England is now a country of very temperate, very intemperate, and very abstemious people. If a man belongs to the refined classes he will probably take wine in moderation, perhaps in great moderation; if he belongs to the humbler classes he may be a besotted drunkard, a sober workman who appreciates a glass of beer, or an apostle of total abstinence with a blue ribbon in his button-hole. The country spends too much in drink, but its expenditure is gradually diminishing, and the burden of it falls very unequally on the citizens. Looking to the future, which is more interesting than the past, I may add that it is hopeful for England, which is improving, and discouraging for France, which is going from bad to worse.
As to eating, the English are rarely either gourmands or gourmets, but they have a rooted belief in the value of an abundant flesh diet, which cannot be good for health unless accompanied by hard exercise. Although the English are not extravagant like the French from a love of expensive delicacies, they are extravagant in the display of great abundance. Immense pieces of the finest meat in the world appear on English tables, and then disappear to be replaced by others equally imposing. People tell you of the quantities eaten by their servants with a smile of indulgence. In the poorer classes there is waste of another kind from simple ignorance and want of culinary economy and art. In a French household the smallest fragments make a little dish, and nothing is lost; in England this kind of economy is practised least where it would be most required. In the French middle and lower classes the daily use of soups is an economy, as the soup is the final save-all of the little establishment, and it presents the materials in the most nourishing and digestible form. As to extravagance, the well-to-do French and English may be equally extravagant, but in different ways, and as to temperance in eating, there is little difference. The French eat heavier meals, but they eat less frequently. Each nation accuses the other of over-eating, and doctors say that the accusation is merited in both cases.

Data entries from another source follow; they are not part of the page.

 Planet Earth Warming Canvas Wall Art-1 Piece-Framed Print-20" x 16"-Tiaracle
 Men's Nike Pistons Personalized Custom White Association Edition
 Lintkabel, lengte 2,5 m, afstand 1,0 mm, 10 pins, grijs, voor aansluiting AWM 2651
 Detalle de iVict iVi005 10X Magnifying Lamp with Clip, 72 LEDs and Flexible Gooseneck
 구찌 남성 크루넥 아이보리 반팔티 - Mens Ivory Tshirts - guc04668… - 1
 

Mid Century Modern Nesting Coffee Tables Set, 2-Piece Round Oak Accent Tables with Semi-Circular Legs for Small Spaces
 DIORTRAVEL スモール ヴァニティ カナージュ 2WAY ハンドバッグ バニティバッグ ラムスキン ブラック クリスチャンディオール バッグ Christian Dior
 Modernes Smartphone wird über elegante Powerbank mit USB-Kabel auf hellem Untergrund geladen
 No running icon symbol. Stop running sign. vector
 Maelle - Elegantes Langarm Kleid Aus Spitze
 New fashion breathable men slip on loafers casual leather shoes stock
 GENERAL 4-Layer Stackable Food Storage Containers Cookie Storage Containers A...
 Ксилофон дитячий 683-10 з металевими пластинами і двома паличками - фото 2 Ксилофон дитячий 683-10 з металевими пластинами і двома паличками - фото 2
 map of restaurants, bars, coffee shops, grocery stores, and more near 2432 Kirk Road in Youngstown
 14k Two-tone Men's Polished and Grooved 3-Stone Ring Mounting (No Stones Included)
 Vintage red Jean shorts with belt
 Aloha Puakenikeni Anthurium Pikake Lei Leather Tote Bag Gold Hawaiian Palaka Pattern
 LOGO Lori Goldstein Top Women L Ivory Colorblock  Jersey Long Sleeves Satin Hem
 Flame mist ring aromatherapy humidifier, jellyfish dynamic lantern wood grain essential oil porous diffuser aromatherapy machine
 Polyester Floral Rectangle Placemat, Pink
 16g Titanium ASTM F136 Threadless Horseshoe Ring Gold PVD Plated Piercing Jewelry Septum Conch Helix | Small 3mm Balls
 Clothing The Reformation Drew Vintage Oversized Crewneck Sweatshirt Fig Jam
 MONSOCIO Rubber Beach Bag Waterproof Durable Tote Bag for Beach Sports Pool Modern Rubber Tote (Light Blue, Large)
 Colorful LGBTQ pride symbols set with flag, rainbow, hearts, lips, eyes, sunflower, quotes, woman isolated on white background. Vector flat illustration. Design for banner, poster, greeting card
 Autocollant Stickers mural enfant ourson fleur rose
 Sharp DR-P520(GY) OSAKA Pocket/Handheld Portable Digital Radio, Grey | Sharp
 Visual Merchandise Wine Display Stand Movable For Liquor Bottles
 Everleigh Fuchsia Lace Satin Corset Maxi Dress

One is sometimes struck in England by the combination of a very stately service with a very plain table. Fine linen, expensive plate, formidably dignified servants, and all this ceremony about a leg of mutton and some boiled potatoes. Thackeray amused himself with noting this contrast. It is a revelation of English character, which is deeply attached to state and style, but is really not given over to sensual pleasures. Occasionally the English go rather far, perhaps, in the direction of plain living. The total abstainer gives you pure water, the very moderate drinker forgets to pass the decanter, and so do his servants. I remember being invited once to an early dinner in the country and riding to it several miles in drenching rain. I was cold and wet, for it was winter, and I looked forward confidently to warm old English hospitality; but my host had principles, and principles are nothing if you do not act up to them, so he gave me a slice of cold beef with a glass of cold water. That menu was easily and long remembered.